Nine model-selection methods are available in PROC REG. In the simplest method, PROC REG fits the complete model that you specify. The other eight methods involve various ways of including or excluding variables from the model. You specify these methods with the SELECTION= option in the MODEL statement.

The methods are identified in the following list and are explained in detail in the section Model-Selection Methods.

NONE

no model selection. This is the default. The complete model specified in the MODEL statement is fit to the data.

FORWARD

forward selection. This method starts with no variables in the model and adds variables.

BACKWARD

backward elimination. This method starts with all variables in the model and deletes variables.

STEPWISE

stepwise regression.
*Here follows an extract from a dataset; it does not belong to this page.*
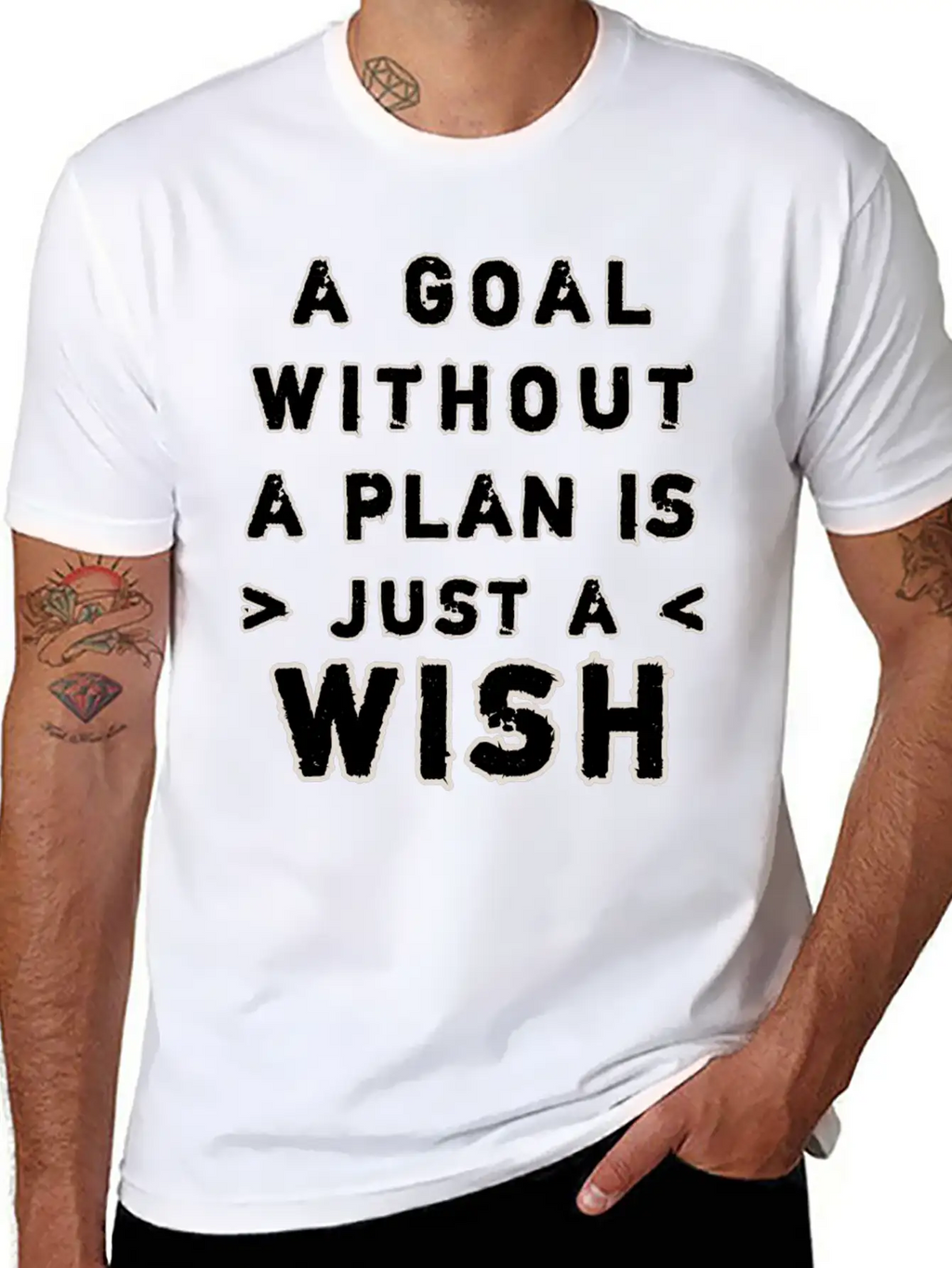 A Goal Without A Plan Is Just A Wish Relaxed Everyday Tee – Lightweight And Durable Cotton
This is similar to the FORWARD method except that variables already in the model do not necessarily stay there.

MAXR

forward selection to fit the best one-variable model, the best two-variable model, and so on. Variables are switched so that R square is maximized.

MINR

similar to the MAXR method, except that variables are switched so that the increase in R square from adding a variable to the model is minimized.

RSQUARE

finds a specified number of models with the highest R square in a range of model sizes.

ADJRSQ

finds a specified number of models with the highest adjusted R square in a range of model sizes.

CP

finds a specified number of models with the lowest $C_ p$ in a range of model sizes.